Netflix is still working hard to make up for failing its customers in the somewhat recent past (Qwikster ring a bell, anyone?), resulting in the wonderful olive branch of original content like the upcoming return of Arrested Development. But there’s more to be done, the company’s financial chief said today, which is why Netflix won’t be selling ads for its streaming site.
Back during that whole hilarious attempt at rebranding in 2011, which involved hiking prices, the company said it would take about three years to regain customers’ trust.
Netflix executive David Wells spoke at the JP Morgan tech conference today to that end, reports CNET, noting that while there are improvements in things like customers’ “likelihood to recommend” responses, “we still feel like there’s more recover to be had.”
“We’re still mindful that any negative pricing things could set that fire off again,” Wells said.
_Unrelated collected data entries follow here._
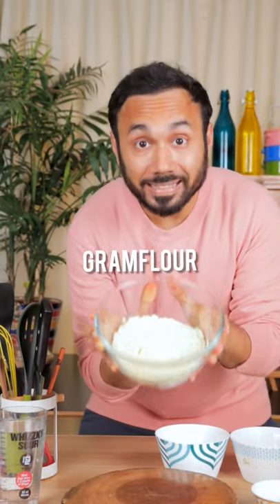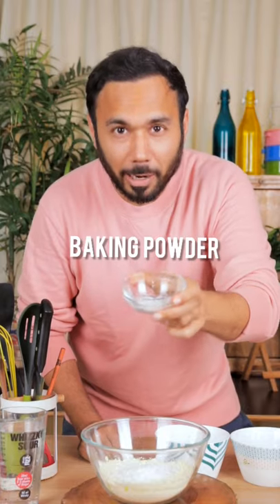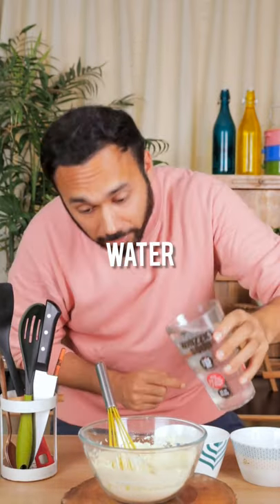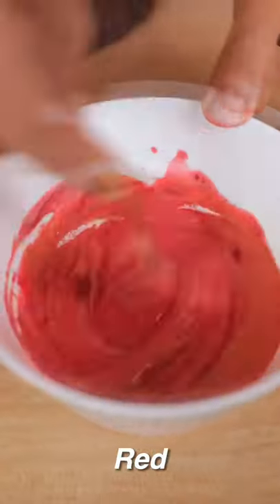Holi ki boondi recipe: 2 cups besan, 1.5 cup maida refined flour, 1 teaspoon baking powder, 1 cup water, salt. Add edible food colors — yellow, red, green.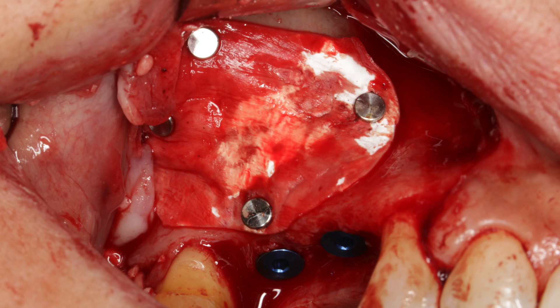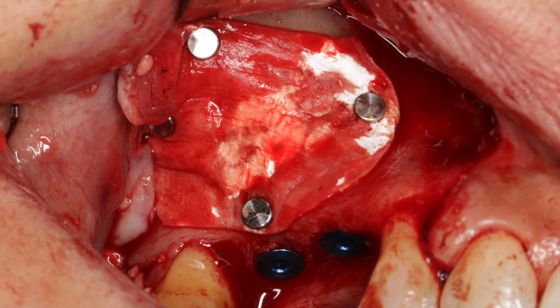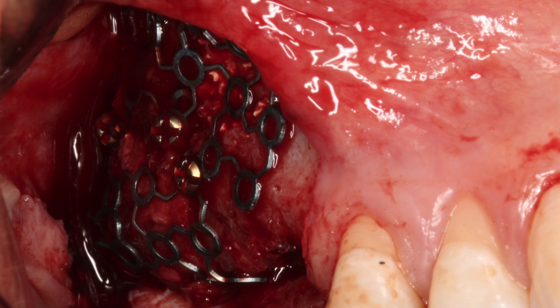The sixth tip is the closure of the bone window after performing a sinus lift. We strongly recommend closing the window access to avoid future graft extrusion from inside the sinus. You can place a collagen membrane fixed with pins, or you can use a titanium mesh — which is our favorite option — secured with micro screws that will keep the membrane absolutely immovable.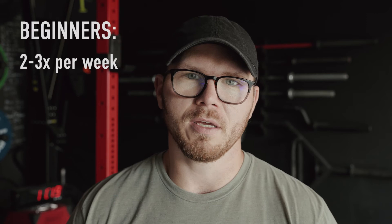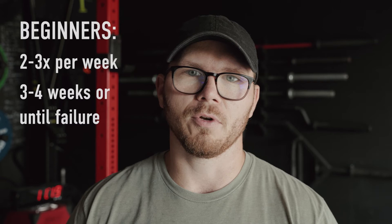For beginners, two to three times a week for this specific exercise is a good starting point, and you can do this for probably three or four weeks before you start to hit that point where you're failing. This is simply your body saying that it needs rest, so listen to it and take a week or two where you're just doing some moderate or different exercises, and then feel free to jump into the same linear progression with a higher starting weight or start a new program.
And while everyone is assuming there’s a lot of money to be had in the Bluth family banana stand otherwise known as Arrested Development, as well as the well-received original miniseries House of Cards, even Wells isn’t sure how much that content will help boost subscribers, saying that the company expects it “will take multiple [original content] titles for there to be a real impact on net additions.”
One thing Netflix is willing to try is owning more pieces of a particular show, like the online rights and DVDs, instead of just one piece. For example, only Netflix can stream House of Cards, while Amazon is promoting the DVD for sale.
Netflix isn’t going to experiment with streaming live content like sports and concerts, however, and Wells has nixed the possibility of selling ads for the U.S. site. Whew.
“We did experiment with [ads] awhile ago in the past,” he said. “We felt like it was not conducive to the brand we have today.”